En ese aspecto, la estrategia de Iglesias es difícil de entender. Acusar a Sánchez de formar parte del mismo partido que hizo posible el terrorismo de Estado en los años 80 –lo que es cierto– escasamente inspirará confianza al líder que tenía unos 10 años cuando se produjeron esos hechos y que tendría que asumir un considerable desgaste interno en su formación si llegara a un acuerdo con Podemos. Lanzar una invitación al amor al día siguiente no contribuye a cerrar la herida, sino a crear confusión. Los políticos desconfían de la improvisación. Lo que se sale del guión les pone nerviosos, en especial si no sólo tienen que vigilar el horizonte, sino también su retaguardia, como le ocurre a Sánchez.

¿Puede la nueva política romper esas reglas, al igual que otras mucho más importantes y más perniciosas, y salir ganando? Juan Torres López cree que no. El economista que colaboró en la primera propuesta económica lanzada por Podemos opina que el partido ha cometido un error al responder a la agresividad extrema del establishment político (es decir, los otros partidos y los grandes medios de comunicación) con la misma arrogancia y agresividad de sus enemigos:

“La trampa en la que cae Podemos es responder a la prepotencia del poder oligárquico con arrogancia y chulería; a los continuos intentos que se hacen para excluir su disidencia con un discurso frentista que le separa de las grandes mayorías sociales. Su error fatal, creo yo, es hacer del lenguaje político una variación del espectáculo televisivo, una provocación constante y no ser consciente de cómo es y qué desea la inmensa mayoría de la gente común de España, a quien (según me parece a mí) no le va tanta bronca, ni el macarrismo, ni las faltas de respeto a los demás o a las formas más elementales de convivencia formal entre personas educadas.
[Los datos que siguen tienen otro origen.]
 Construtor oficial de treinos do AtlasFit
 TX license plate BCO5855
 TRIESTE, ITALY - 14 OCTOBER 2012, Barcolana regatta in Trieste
Se equivoca a mi juicio Podemos haciendo una interpretación masculina, agresiva, competitiva y tacticista de la política.”

Hay un núcleo duro de votantes de Podemos que sólo tiene una respuesta a un escenario político de la máxima complejidad: leña, leña y leña. Es lo que podríamos llamar la visión “masculina” de la política, repleta de testosterona y agresividad. El pequeño y sucio secreto es que esa tendencia no es ninguna novedad y existe en todos los partidos. Es lo mismo que el “dales caña, Alfonso” con el que jaleaban a Guerra en los mítines del PSOE de los 80. Para eso estaba Guerra, para dar caña en los mítines a la derecha, que no en los Consejos de Ministros, donde se limitaba a hacer de testigo silencioso de la política económica de Boyer y Solchaga.

Torres no pide pragmatismo, sino realismo, es decir, no actuar “como si la correlación de fuerzas fuera otra de la que realmente existe”. A lo que habría que añadir no actuar como si el destino estuviera ya escrito, como si el PSOE estuviera condenado a desaparecer y Podemos sólo tuviera que esperar sentado a la espera de que pase el cadáver del rival.

Por citar un chiste muy viejo, hay que recordar la pregunta que dice: ¿cómo hacen el amor los puercoespines? (Respuesta: con mucho cuidado). Algo así necesitarían el PSOE y Podemos, y no saltar uno sobre el otro.

De muchas de las declaraciones de Iglesias se deduce que está dispuesto a encontrar un punto intermedio entre su posición y la del PSOE; al escuchar otras hay que pensar que le está perdonando la vida a Sánchez o conteniendo la respiración para no contaminarse con la cercanía a su partido. Por todo ello, a día de hoy, es difícil saber si el pacto entre el PSOE y Podemos es posible, ahora o a partir de junio. Lo que sí es seguro es que ese hipotético acuerdo es el único punto de partida para que Rajoy abandone la Moncloa.

Con esta “estrategia maximalista”, en expresión de Juan Torres, lo que ha conseguido Iglesias es reforzar la posición de Pedro Sánchez en el PSOE de cara a la segunda cita en las urnas. Ha hecho que le sea más fácil pactar con Ciudadanos. De momento, no ha conseguido obligar al PSOE a caer en los brazos de la gran coalición con el PP. Y se supone que tu estrategia debe tener como prioridad reforzar tus posiciones, no las de tu rival.